McGeechan, then, will need to indulge in one or two head-scratching sessions. Given the perfect playing conditions, the Lions' kicking out of hand was an abomination: any half-decent opposition would have made them suffer. There were problems at the line-out, too; Weir's success against Wiese was more than welcome, for it was good for the Lions' collective soul to see such a potent symbol of Springbok supremacy given what for but, in general terms, the ball-winning was shoddy.

"I'm delighted by the way we finished and I felt the first 20 minutes were good, but we lost control of the ball in the middle period," McGeechan admitted. "Still, we're here to learn and adapt game by game and, if the players are willing to do that, we'll be in good shape when we get to the Tests.
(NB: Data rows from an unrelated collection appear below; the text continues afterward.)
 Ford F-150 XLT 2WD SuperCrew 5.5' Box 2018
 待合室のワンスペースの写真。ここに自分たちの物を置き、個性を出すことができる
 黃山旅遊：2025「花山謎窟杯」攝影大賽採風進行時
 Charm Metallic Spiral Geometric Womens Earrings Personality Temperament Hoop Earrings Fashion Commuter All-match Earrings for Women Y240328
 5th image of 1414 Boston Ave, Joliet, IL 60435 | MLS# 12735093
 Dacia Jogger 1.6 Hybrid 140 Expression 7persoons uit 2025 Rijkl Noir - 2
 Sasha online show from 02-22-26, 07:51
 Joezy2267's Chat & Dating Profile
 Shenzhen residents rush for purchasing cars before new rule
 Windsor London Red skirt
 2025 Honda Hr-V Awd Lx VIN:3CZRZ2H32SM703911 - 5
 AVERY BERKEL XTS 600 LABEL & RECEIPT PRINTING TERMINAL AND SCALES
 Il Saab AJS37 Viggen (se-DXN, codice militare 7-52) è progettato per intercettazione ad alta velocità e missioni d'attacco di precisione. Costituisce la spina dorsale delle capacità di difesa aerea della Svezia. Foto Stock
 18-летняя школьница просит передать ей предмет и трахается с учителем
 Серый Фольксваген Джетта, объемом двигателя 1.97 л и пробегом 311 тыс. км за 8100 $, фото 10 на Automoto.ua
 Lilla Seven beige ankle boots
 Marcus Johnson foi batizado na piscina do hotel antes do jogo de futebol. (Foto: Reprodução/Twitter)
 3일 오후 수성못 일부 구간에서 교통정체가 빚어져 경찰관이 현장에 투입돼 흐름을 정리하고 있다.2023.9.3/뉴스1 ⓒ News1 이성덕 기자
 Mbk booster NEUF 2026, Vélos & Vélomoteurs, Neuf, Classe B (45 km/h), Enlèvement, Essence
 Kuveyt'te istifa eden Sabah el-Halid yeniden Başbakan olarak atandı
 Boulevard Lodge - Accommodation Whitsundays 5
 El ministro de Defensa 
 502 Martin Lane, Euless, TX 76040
This result gives us a lead into the rest of the tour."

So it does. Only rarely have the Lions come through an opening tour match in such fine fettle - the 1971 vintage actually lost the first game of what would become a legendary adventure against the All Blacks, while both the 1980 and 1993 parties suffered morale-denting injuries almost direct from the initial kick-off - and McGeechan's bold claims of a unity of purpose rivalling that of Willie John McBride's 1974 party have, on the face of it, much to commend them. Eastern Province, though, were no more of an acid test than Border are likely to be on Wednesday. We will know more after the collision with Western Province in Cape Town at the weekend.

Scorers: Eastern Province: Try Keyser; Penalties van Rensburg 2. Lions: Tries Guscott 2, Weir, Underwood, Greenwood. Conversions Jenkins 4. Penalties Jenkins 2.

Eastern Province: T van Rensburg; D Keyser, R van Jaarsfeld, H le Roux (R Loubscher, 80), H Pedro; K Ford (R Fourie, 42), C Alcock; D Saayman, J Kirsten (capt, M Winter, 80), W Enslin (M van der Merwe, 40), K Wiese, A de Preez, S Scott-Young, J Greeff, M Webber.

British Lions: N Jenkins; I Evans (T Underwood, 67), J Guscott, W Greenwood, N Beal; G Townsend, R Howley; T Smith, K Wood (B Williams, 67), J Leonard (capt), G Weir, S Shaw (J Davidson, 72), L Dallaglio, S Quinnell, R Hill.

Referee: A Turner (Western Province).